Grâce à ses diverses fonctions physiologiques, le glutathion suscite un intérêt croissant dans les industries agroalimentaire, cosmétique et pharmaceutique. Les molécules d’intérêt ainsi produites trouvent des applications dans les secteurs de l’alimentaire, de l’industrie chimique, de la médecine ou encore des cosmétiques. Particulièrement stratégiques, des solutions de capture et la valorisation du CO2 spécifiquement adaptés à l’industrie alimentaire font l’objet de recherches actives. Portée par ces innovations, la cellule de levure s’impose comme un acteur central de la bioéconomie.
Sous l’impulsion des consommateurs soucieux de sécurité et de protection de l’environnement, l’industrie cosmétique mondiale recherche de plus en plus d’ingrédients naturels et durables. Saccharomyces cerevisiae s’est ainsi imposée comme une plateforme performante pour la biosynthèse d’ingrédients cosmétiques grâce à sa forte capacité métabolique, sa facilité de manipulation génétique et son potentiel de production rentable. Son double rôle - organisme modèle et plateforme industrielle - lui confère une place unique dans l’innovation scientifique et technologique. Les avancées en biologie synthétique, en fermentation de précision et en valorisation du carbone ouvrent la voie à de nouvelles applications durables.
Il existe une multitude d'espèces de levures, chacune possédant des caractéristiques et des fonctions uniques. Dans le domaine des variétés de levures, la levure de fission, scientifiquement connue sous le nom de Schizosaccharomyces pombe, occupe une place notable. Les cellules de levure de fission sont en forme de bâtonnets et subissent un processus de "mitose fermée" au cours duquel la membrane nucléaire ne se rompt pas, contrairement à d'autres types de levures comme Saccharomyces cerevisiae qui subissent une "mitose ouverte". Ces caractéristiques, ainsi que d'autres, font de S. pombe un organisme modèle utile, en particulier pour étudier les processus du cycle cellulaire et la division cellulaire dans un environnement contrôlé.
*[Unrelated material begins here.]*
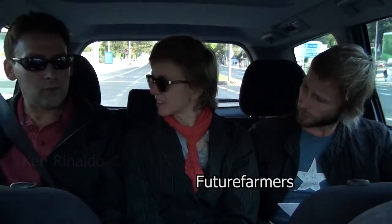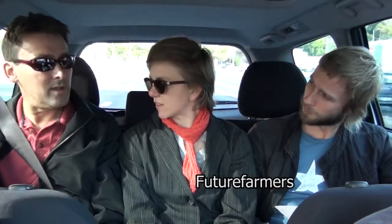What will you be installing for the future farmers? We're installing the rainwater harvester — a greywater system, basically a rain barrel. It's recycled, it feeds plants, and you can reuse it.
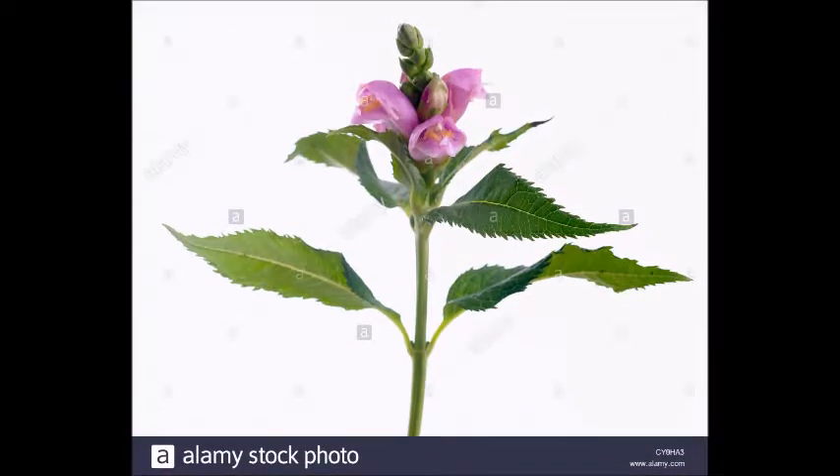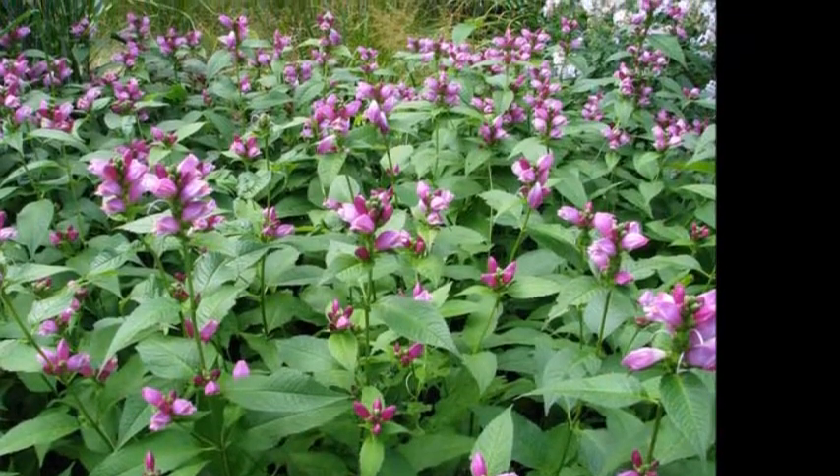The leaves are dark green, lanceolate, and serrate, and can get up to six inches long. The plant itself can get up to two to three feet in height and two to three feet in diameter.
L'une des raisons pour lesquelles les cellules de levure sont si répandues est leur capacité à s'adapter et à prospérer dans une variété de conditions et de circonstances. L'une des principales adaptations des cellules de levure est leur capacité à se développer dans des conditions aérobies et anaérobies. Elles peuvent changer de voie métabolique en fonction de la disponibilité de l'oxygène. En présence d'oxygène, les cellules de levure utilisent la respiration aérobie pour produire de l'énergie, ce qui produit de l'eau et du dioxyde de carbone. En revanche, en l'absence d'oxygène, les cellules de levure utilisent la respiration anaérobie ou la fermentation pour produire de l'énergie, ce qui entraîne la production d'éthanol et de dioxyde de carbone.
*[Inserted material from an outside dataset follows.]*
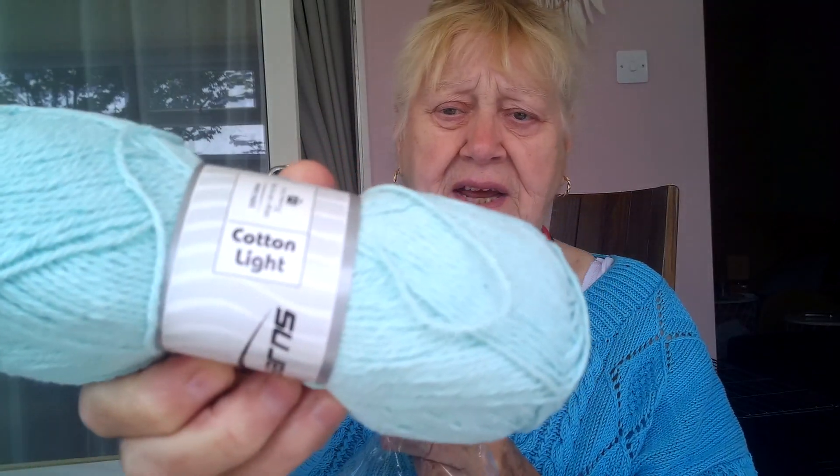I think these are both the same — cotton light, mint green, the ice gel. I've got eight of these, 100 grams. In the original package it says Cotton Light on it. It's a delicate, delicate green. It's 100% cotton and I think it's — I haven't got my glasses on as usual. I guess it's about 4-ply. That's what I'd guess.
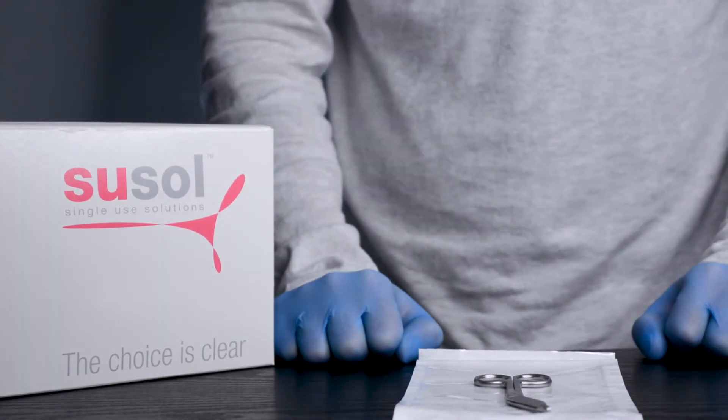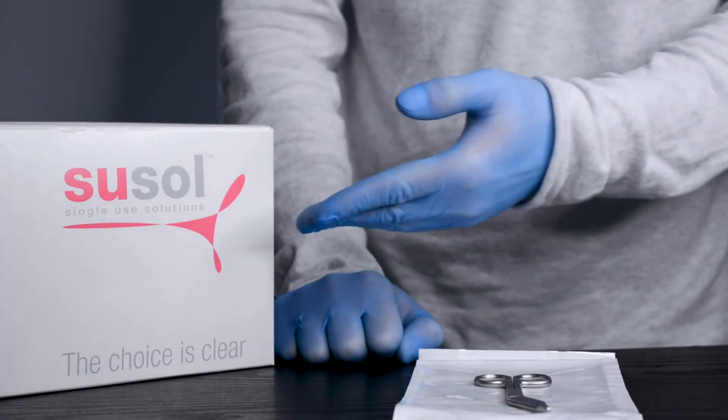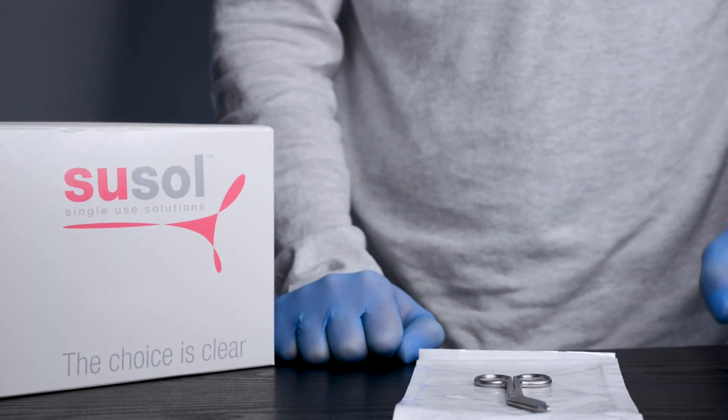We hold UK stocks available for quick delivery. Baby Instruments is a compliant supplier to the NHS on the national framework.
En outre, les cellules de levure ont la capacité impressionnante d'entrer dans un état de dormance lorsque les conditions environnementales sont défavorables ou stressantes. Cela leur permet d'économiser de l'énergie et de devenir résistantes à des facteurs défavorables tels que la dessiccation, les températures élevées et les niveaux de pH extrêmes. Une autre adaptation remarquable est leur capacité à croître à la fois sexuellement et asexuellement. De manière asexuée, les cellules de levure se reproduisent généralement par bourgeonnement, produisant des clones génétiquement identiques à la cellule mère. Sinon, dans des conditions de privation de nutriments ou d'exposition à des signaux environnementaux spécifiques, elles peuvent se reproduire sexuellement en produisant des cellules spécialisées appelées spores.